[Work to be completed]:
Somewhere below is a line with "BCBG Ruffles Sleeve Dress" and, later, a line with "Marc Jacobs MJ"; repeat those two lines and all the lines between them, exactly as they are.

*** Opening of Material shown ***

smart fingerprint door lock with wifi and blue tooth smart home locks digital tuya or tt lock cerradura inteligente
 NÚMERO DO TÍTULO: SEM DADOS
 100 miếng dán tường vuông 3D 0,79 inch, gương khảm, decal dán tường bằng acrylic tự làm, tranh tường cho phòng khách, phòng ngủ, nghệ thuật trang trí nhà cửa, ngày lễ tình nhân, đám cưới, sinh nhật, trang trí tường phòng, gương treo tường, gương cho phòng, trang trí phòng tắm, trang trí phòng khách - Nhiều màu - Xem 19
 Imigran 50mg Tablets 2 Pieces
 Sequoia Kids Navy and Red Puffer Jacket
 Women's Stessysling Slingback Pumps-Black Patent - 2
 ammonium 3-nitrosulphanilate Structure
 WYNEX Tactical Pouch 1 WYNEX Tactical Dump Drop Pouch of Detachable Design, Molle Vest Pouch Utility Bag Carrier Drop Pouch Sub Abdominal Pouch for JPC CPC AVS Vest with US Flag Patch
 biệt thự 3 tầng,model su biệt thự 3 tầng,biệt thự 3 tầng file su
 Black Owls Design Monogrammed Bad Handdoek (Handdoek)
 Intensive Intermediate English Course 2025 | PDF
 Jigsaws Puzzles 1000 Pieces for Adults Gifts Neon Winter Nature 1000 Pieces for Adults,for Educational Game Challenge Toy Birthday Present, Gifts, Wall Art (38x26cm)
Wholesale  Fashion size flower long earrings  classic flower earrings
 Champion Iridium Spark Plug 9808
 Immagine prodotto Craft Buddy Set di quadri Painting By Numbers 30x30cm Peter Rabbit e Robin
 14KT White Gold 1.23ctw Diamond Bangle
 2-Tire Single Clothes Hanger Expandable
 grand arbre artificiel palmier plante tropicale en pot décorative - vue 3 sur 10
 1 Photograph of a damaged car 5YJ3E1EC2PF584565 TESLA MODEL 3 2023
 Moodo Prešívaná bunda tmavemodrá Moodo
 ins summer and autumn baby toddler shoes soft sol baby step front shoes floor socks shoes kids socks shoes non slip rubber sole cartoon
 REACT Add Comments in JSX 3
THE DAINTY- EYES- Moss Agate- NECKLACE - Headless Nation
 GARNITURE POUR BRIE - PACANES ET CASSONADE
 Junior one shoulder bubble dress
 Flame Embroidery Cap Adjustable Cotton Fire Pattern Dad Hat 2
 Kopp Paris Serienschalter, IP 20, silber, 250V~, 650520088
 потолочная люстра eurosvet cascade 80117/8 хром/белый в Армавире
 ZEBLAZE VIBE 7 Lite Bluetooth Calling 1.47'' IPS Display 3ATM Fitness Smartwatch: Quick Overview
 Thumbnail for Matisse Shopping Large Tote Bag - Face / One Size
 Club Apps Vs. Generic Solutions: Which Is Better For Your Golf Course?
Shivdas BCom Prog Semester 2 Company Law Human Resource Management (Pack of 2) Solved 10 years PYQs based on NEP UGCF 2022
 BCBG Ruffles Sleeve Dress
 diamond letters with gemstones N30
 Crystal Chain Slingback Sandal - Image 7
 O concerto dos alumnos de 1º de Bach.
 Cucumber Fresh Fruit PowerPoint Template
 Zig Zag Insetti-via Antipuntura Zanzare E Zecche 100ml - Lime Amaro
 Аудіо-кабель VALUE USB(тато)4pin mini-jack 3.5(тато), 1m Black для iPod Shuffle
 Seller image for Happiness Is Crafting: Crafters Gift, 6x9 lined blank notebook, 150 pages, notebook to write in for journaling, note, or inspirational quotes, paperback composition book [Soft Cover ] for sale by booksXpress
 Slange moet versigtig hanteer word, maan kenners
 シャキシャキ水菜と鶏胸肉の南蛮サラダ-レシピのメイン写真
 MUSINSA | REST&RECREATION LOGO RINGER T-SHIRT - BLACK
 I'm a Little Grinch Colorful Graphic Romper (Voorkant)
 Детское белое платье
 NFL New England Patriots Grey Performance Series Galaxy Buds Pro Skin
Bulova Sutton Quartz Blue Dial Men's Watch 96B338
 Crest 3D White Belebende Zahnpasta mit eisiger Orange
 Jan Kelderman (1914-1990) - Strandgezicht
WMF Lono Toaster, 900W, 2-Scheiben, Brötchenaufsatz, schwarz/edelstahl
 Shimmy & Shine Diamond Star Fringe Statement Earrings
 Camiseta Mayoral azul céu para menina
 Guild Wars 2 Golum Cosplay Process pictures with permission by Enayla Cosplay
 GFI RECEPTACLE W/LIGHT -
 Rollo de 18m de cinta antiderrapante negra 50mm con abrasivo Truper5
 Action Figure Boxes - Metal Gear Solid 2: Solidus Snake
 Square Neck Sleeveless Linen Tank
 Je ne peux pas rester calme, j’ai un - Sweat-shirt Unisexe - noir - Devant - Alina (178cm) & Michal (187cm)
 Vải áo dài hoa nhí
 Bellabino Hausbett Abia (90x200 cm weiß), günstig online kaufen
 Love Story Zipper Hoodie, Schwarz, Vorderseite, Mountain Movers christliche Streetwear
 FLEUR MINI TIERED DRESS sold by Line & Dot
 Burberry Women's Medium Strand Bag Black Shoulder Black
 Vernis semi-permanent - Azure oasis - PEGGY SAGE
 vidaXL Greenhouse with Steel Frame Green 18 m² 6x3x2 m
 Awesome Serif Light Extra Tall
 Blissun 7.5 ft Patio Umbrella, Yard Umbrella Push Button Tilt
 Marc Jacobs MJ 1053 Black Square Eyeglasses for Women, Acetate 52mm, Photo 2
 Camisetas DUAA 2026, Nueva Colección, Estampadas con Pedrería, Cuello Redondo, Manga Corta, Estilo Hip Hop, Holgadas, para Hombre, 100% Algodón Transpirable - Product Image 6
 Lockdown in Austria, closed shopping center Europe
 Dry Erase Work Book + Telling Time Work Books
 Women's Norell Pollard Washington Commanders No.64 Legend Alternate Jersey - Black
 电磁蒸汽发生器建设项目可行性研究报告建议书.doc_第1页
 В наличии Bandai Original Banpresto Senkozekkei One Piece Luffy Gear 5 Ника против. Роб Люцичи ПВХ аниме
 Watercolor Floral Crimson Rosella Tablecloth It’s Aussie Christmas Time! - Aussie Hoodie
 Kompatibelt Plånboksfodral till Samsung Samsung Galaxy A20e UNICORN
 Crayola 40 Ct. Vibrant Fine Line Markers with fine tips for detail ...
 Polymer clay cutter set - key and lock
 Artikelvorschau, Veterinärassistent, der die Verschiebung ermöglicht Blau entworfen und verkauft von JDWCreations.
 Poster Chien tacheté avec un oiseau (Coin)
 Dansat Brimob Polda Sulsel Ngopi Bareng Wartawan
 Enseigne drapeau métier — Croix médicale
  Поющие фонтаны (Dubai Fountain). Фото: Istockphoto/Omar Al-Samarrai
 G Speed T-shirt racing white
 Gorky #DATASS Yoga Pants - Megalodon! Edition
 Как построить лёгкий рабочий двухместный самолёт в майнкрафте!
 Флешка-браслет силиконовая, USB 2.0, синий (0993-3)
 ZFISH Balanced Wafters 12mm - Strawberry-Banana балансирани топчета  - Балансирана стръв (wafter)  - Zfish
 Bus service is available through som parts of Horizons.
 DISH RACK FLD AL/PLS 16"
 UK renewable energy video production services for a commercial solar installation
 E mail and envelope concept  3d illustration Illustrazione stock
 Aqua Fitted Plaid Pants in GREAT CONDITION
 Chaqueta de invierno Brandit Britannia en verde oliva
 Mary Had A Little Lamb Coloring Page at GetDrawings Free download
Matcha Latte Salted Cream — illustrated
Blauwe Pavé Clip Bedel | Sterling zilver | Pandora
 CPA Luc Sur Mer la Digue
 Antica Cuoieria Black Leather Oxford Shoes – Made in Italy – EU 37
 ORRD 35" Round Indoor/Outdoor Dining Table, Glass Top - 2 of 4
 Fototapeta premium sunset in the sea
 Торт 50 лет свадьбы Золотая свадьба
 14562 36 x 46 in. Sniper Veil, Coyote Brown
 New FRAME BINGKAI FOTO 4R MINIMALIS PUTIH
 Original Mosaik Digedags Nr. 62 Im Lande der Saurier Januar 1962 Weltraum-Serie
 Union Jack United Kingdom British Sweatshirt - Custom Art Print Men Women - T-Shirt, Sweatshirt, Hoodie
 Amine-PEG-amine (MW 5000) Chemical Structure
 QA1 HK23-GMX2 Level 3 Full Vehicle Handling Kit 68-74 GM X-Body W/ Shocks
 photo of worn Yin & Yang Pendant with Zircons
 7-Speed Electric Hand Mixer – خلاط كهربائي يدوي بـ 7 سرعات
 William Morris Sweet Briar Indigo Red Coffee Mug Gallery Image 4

*** Close of Material shown ***

[Answer below]:
 BCBG Ruffles Sleeve Dress
 diamond letters with gemstones N30
 Crystal Chain Slingback Sandal - Image 7
 O concerto dos alumnos de 1º de Bach.
 Cucumber Fresh Fruit PowerPoint Template
 Zig Zag Insetti-via Antipuntura Zanzare E Zecche 100ml - Lime Amaro
 Аудіо-кабель VALUE USB(тато)4pin mini-jack 3.5(тато), 1m Black для iPod Shuffle
 Seller image for Happiness Is Crafting: Crafters Gift, 6x9 lined blank notebook, 150 pages, notebook to write in for journaling, note, or inspirational quotes, paperback composition book [Soft Cover ] for sale by booksXpress
 Slange moet versigtig hanteer word, maan kenners
 シャキシャキ水菜と鶏胸肉の南蛮サラダ-レシピのメイン写真
 MUSINSA | REST&RECREATION LOGO RINGER T-SHIRT - BLACK
 I'm a Little Grinch Colorful Graphic Romper (Voorkant)
 Детское белое платье
 NFL New England Patriots Grey Performance Series Galaxy Buds Pro Skin
Bulova Sutton Quartz Blue Dial Men's Watch 96B338
 Crest 3D White Belebende Zahnpasta mit eisiger Orange
 Jan Kelderman (1914-1990) - Strandgezicht
WMF Lono Toaster, 900W, 2-Scheiben, Brötchenaufsatz, schwarz/edelstahl
 Shimmy & Shine Diamond Star Fringe Statement Earrings
 Camiseta Mayoral azul céu para menina
 Guild Wars 2 Golum Cosplay Process pictures with permission by Enayla Cosplay
 GFI RECEPTACLE W/LIGHT -
 Rollo de 18m de cinta antiderrapante negra 50mm con abrasivo Truper5
 Action Figure Boxes - Metal Gear Solid 2: Solidus Snake
 Square Neck Sleeveless Linen Tank
 Je ne peux pas rester calme, j’ai un - Sweat-shirt Unisexe - noir - Devant - Alina (178cm) & Michal (187cm)
 Vải áo dài hoa nhí
 Bellabino Hausbett Abia (90x200 cm weiß), günstig online kaufen
 Love Story Zipper Hoodie, Schwarz, Vorderseite, Mountain Movers christliche Streetwear
 FLEUR MINI TIERED DRESS sold by Line & Dot
 Burberry Women's Medium Strand Bag Black Shoulder Black
 Vernis semi-permanent - Azure oasis - PEGGY SAGE
 vidaXL Greenhouse with Steel Frame Green 18 m² 6x3x2 m
 Awesome Serif Light Extra Tall
 Blissun 7.5 ft Patio Umbrella, Yard Umbrella Push Button Tilt
 Marc Jacobs MJ 1053 Black Square Eyeglasses for Women, Acetate 52mm, Photo 2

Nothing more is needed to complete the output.